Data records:
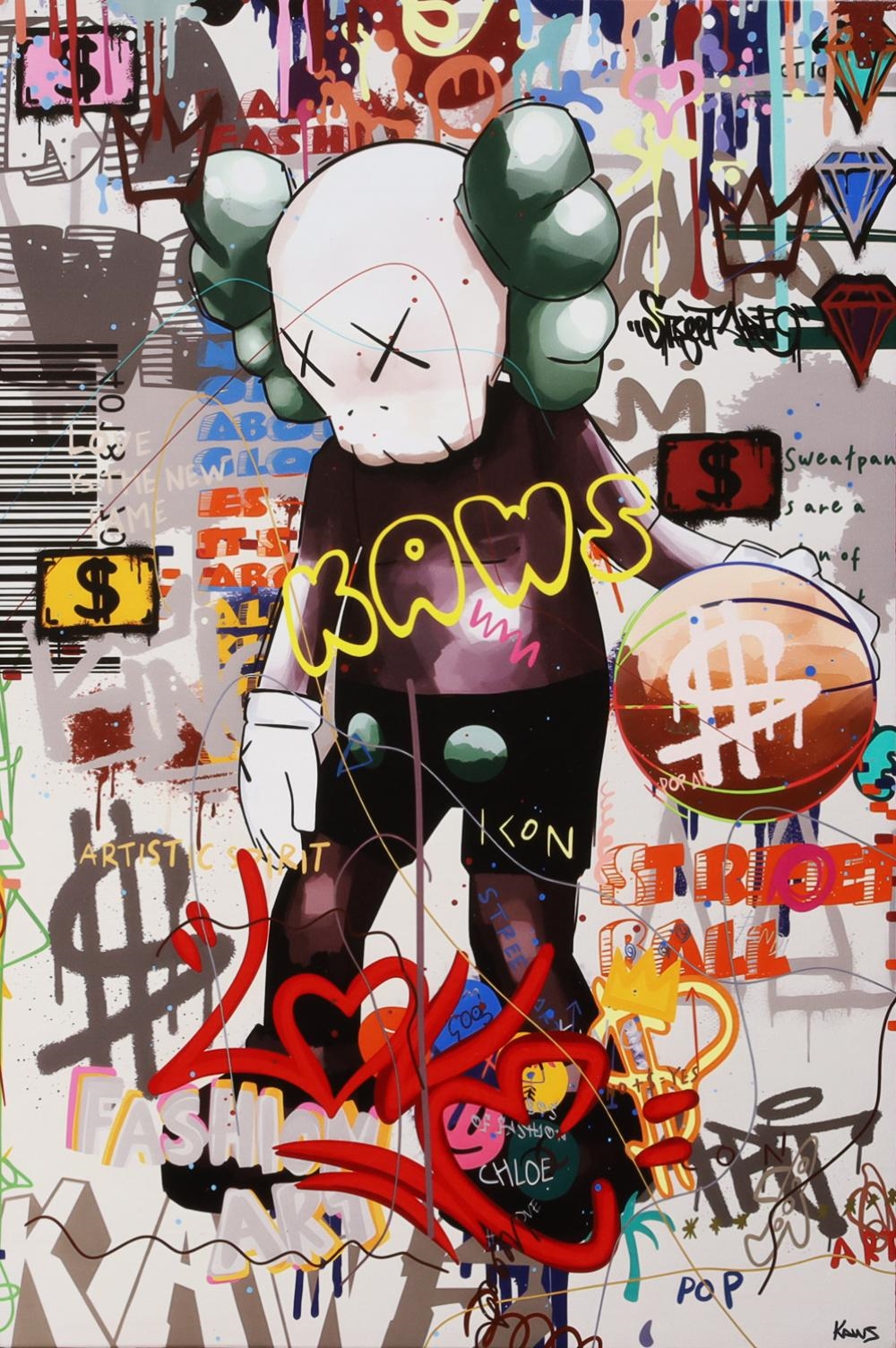 kaws-kaws--after-5GO7E.Jpeg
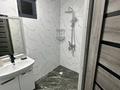 Дача · 3 комнаты · 200 м², мкр Сайрам , Шымкентская 1а — Колкент от города 15км за 80 000 ₸ в Аль-Фарабийский р-н — фото 18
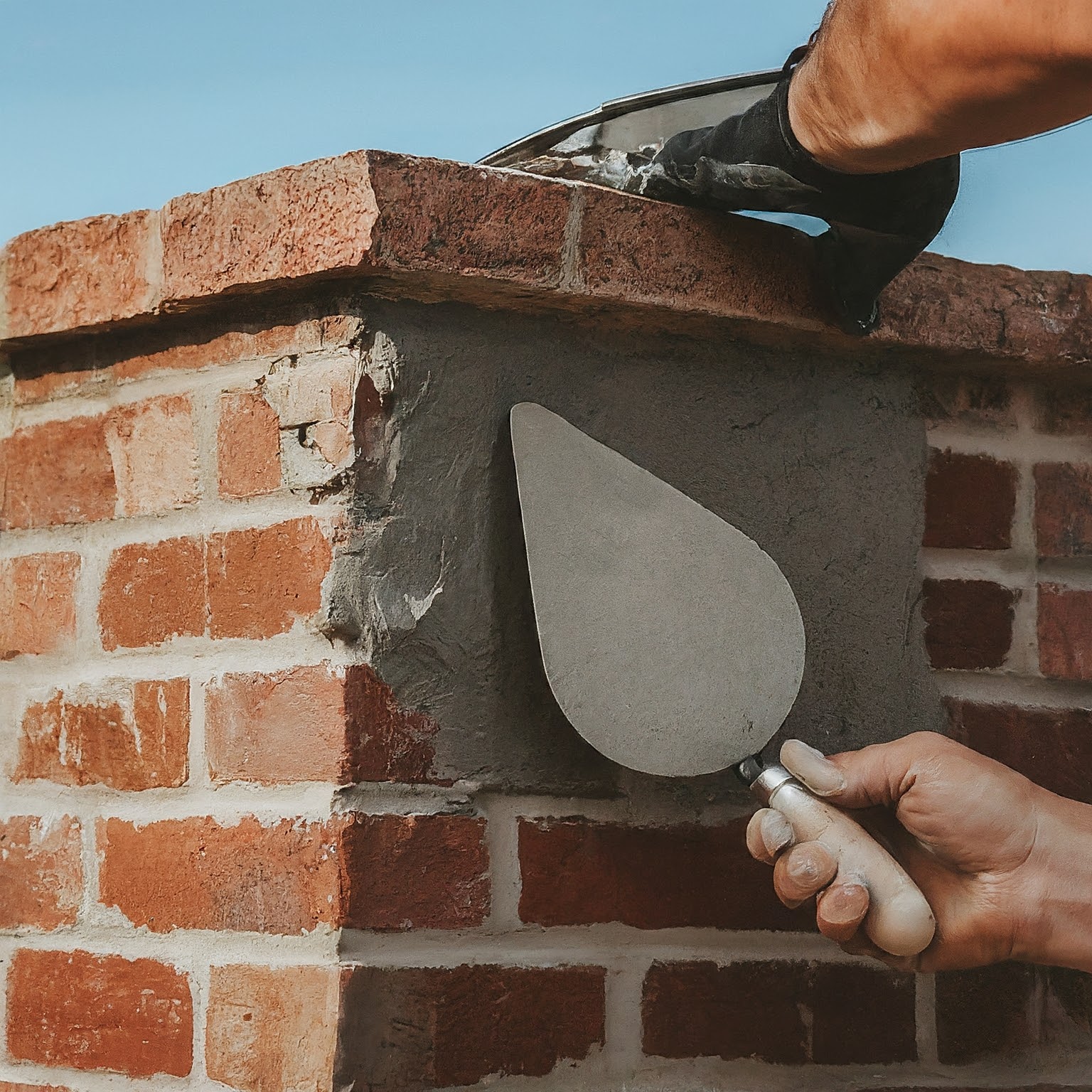 Expert Chimney Masonry Repair in Belmont, MA Expert Chimney Masonry Repair in Belmont, Massachusetts - Professional Service by Chimney Sweep Belmont Massachusetts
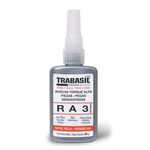 Trabasil RA3 15G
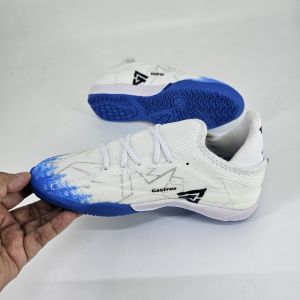GASTRUZ sepatu futsal anak junior Gaztruz Venture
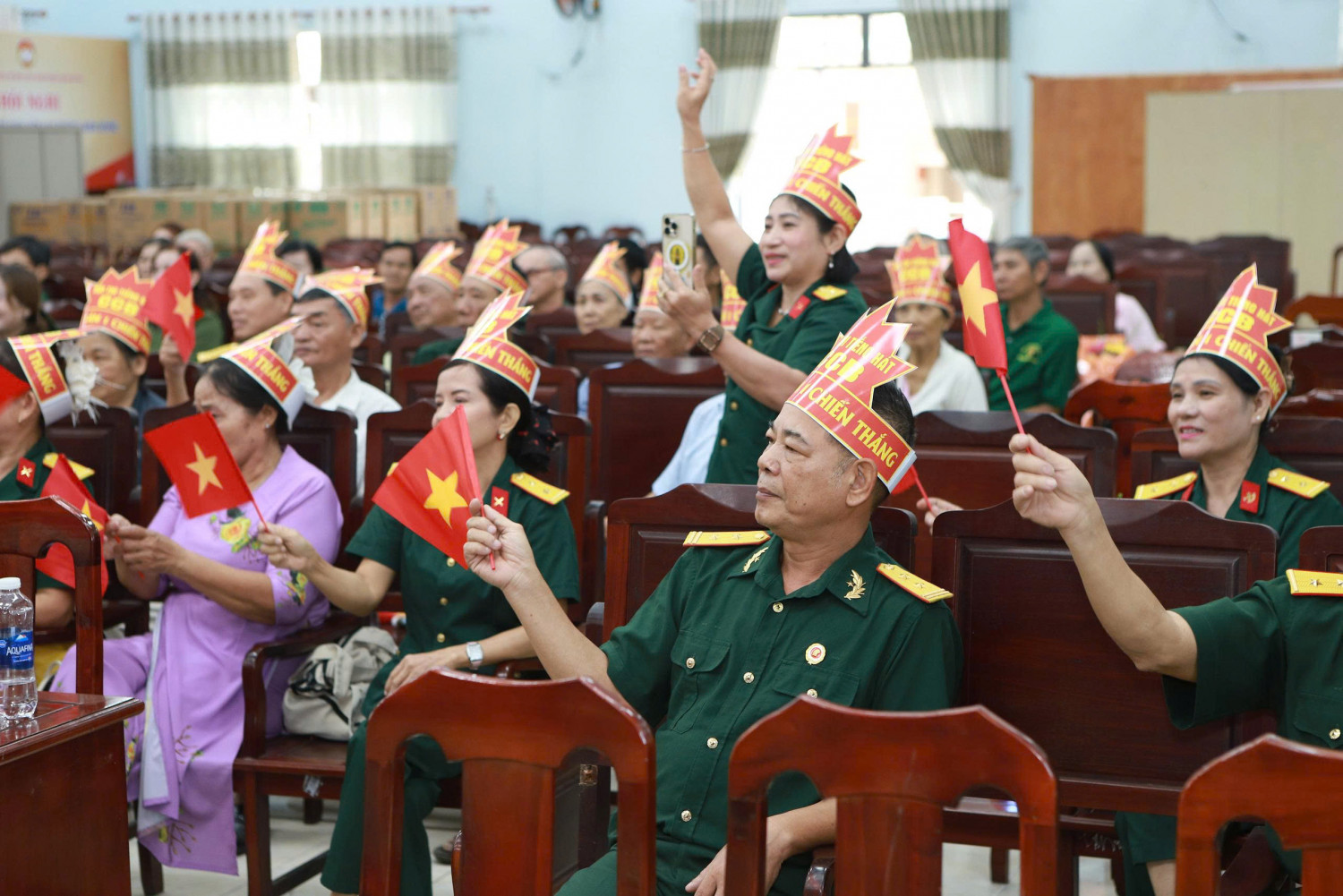 z7439279943509 8dc19f06b55c197ec95a0745e59aa9e3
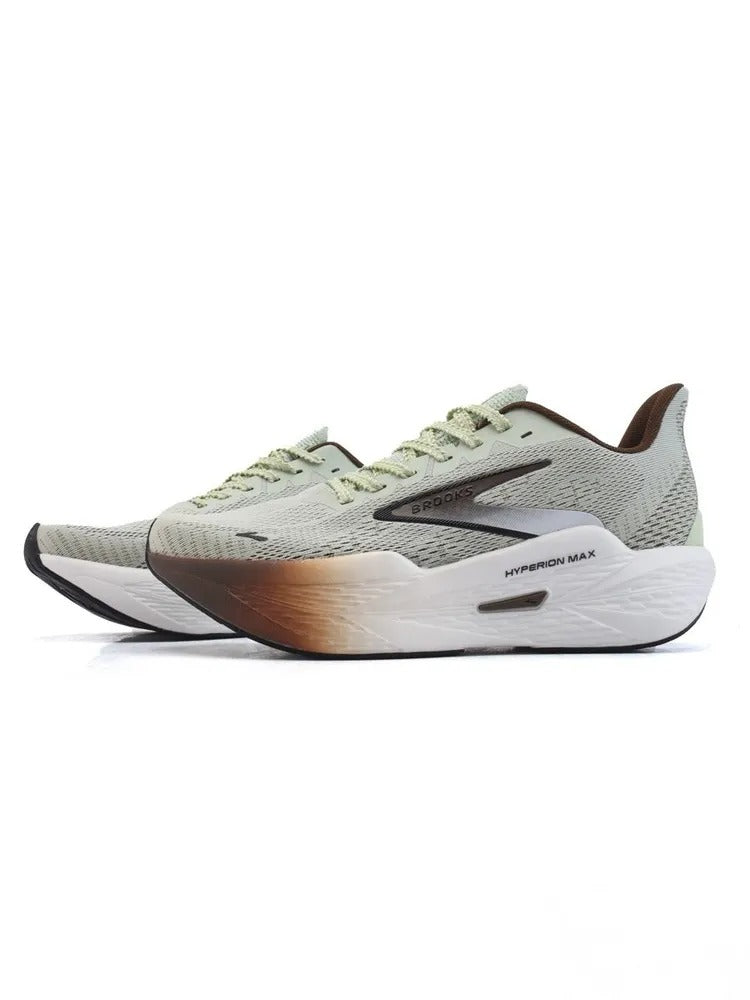 Brooks Hyperion Max 2 - dot pefect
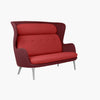Novelle Armchair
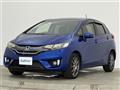 2014 Honda Fit
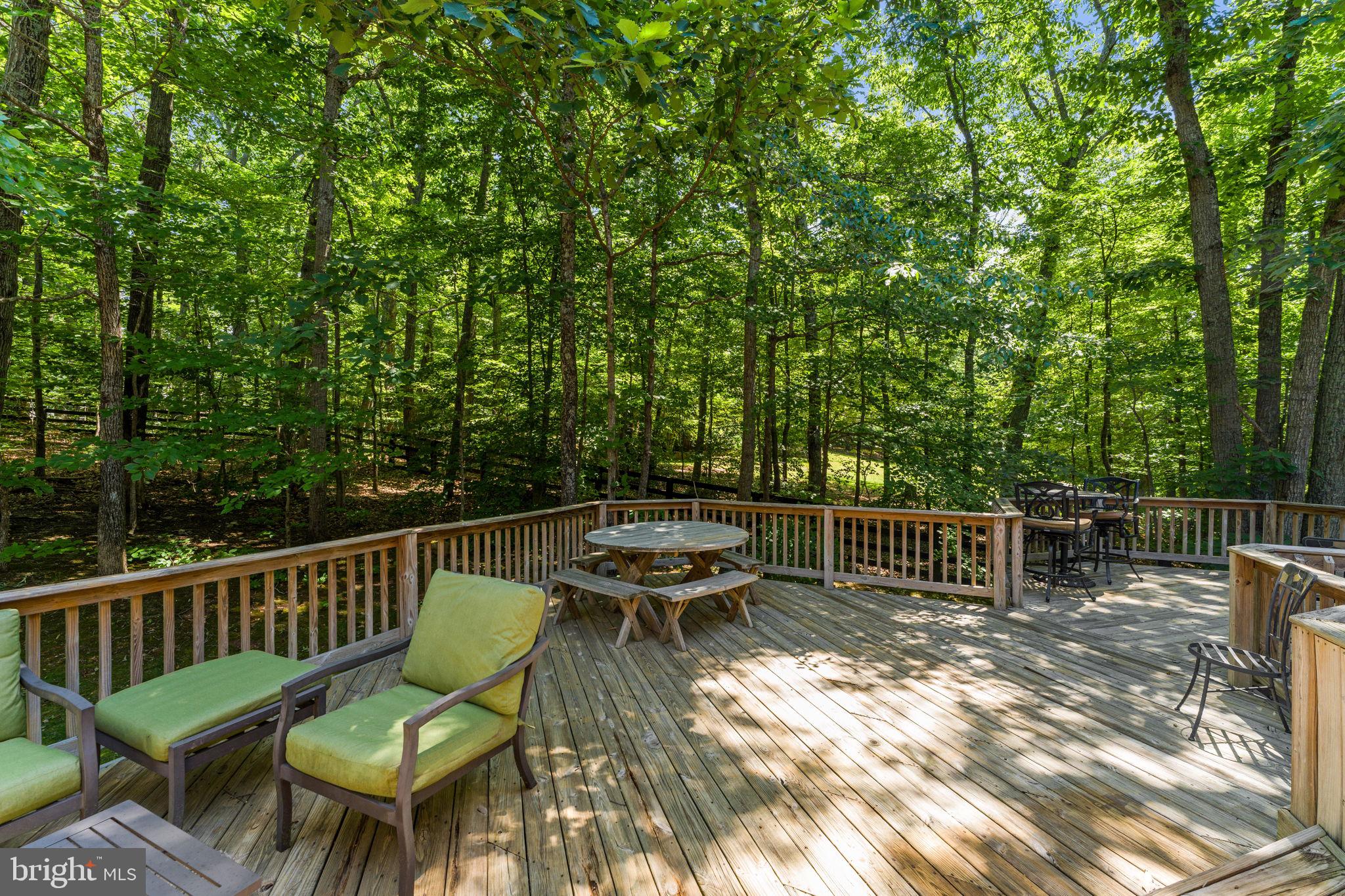 WESTERVELT - Residential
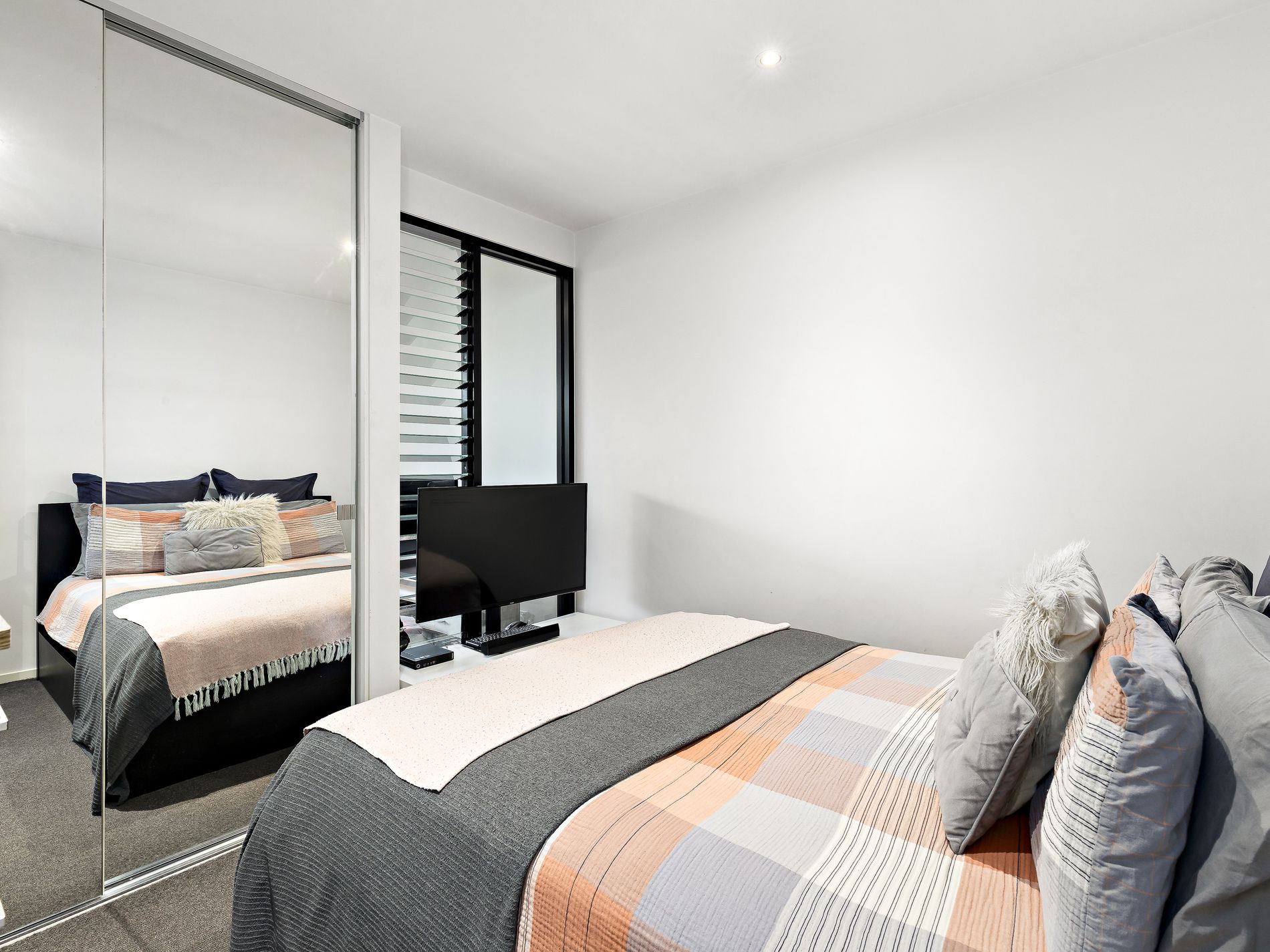 104 / 109 Inkerman Street, St Kilda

WHAT IS BEING ASKED:
The answer should consist only of the lines from the line with "z7439279943509 8dc19f06b55c197ec95a0745e59aa9e3" through the last line of the data, repeated exactly; pictures stay out.

EXPECTED ANSWER:
 z7439279943509 8dc19f06b55c197ec95a0745e59aa9e3
 Brooks Hyperion Max 2 - dot pefect
Novelle Armchair
 2014 Honda Fit
 WESTERVELT - Residential
 104 / 109 Inkerman Street, St Kilda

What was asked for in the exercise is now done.